■ RECORDS PROVIDED ■

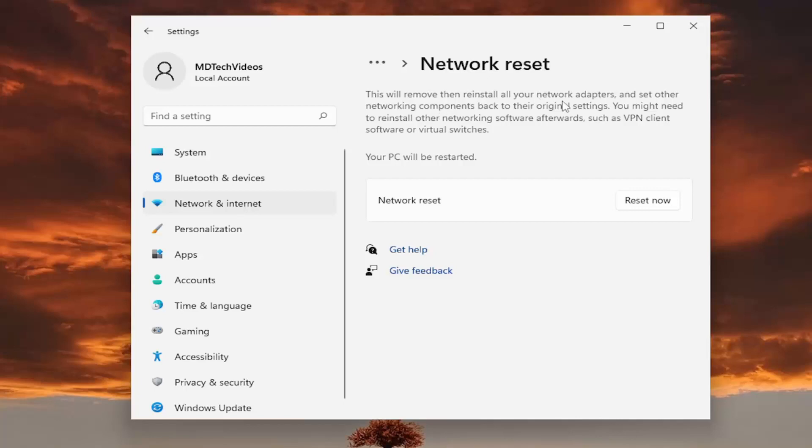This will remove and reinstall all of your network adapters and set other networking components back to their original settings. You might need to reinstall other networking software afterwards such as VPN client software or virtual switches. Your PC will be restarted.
---
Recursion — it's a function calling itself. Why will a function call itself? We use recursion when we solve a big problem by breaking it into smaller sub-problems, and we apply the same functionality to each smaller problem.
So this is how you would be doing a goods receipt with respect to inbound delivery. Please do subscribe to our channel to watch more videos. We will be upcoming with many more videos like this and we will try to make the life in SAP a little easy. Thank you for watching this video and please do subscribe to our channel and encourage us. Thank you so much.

■ WHAT YOU NEED TO DO ■
Restate word for word the entries above from the line with "Recursion — it's" through the line with "So this is how", inclusive, leaving out everything else.

■ TASK RESPONSE ■
Recursion — it's a function calling itself. Why will a function call itself? We use recursion when we solve a big problem by breaking it into smaller sub-problems, and we apply the same functionality to each smaller problem.
So this is how you would be doing a goods receipt with respect to inbound delivery. Please do subscribe to our channel to watch more videos. We will be upcoming with many more videos like this and we will try to make the life in SAP a little easy. Thank you for watching this video and please do subscribe to our channel and encourage us. Thank you so much.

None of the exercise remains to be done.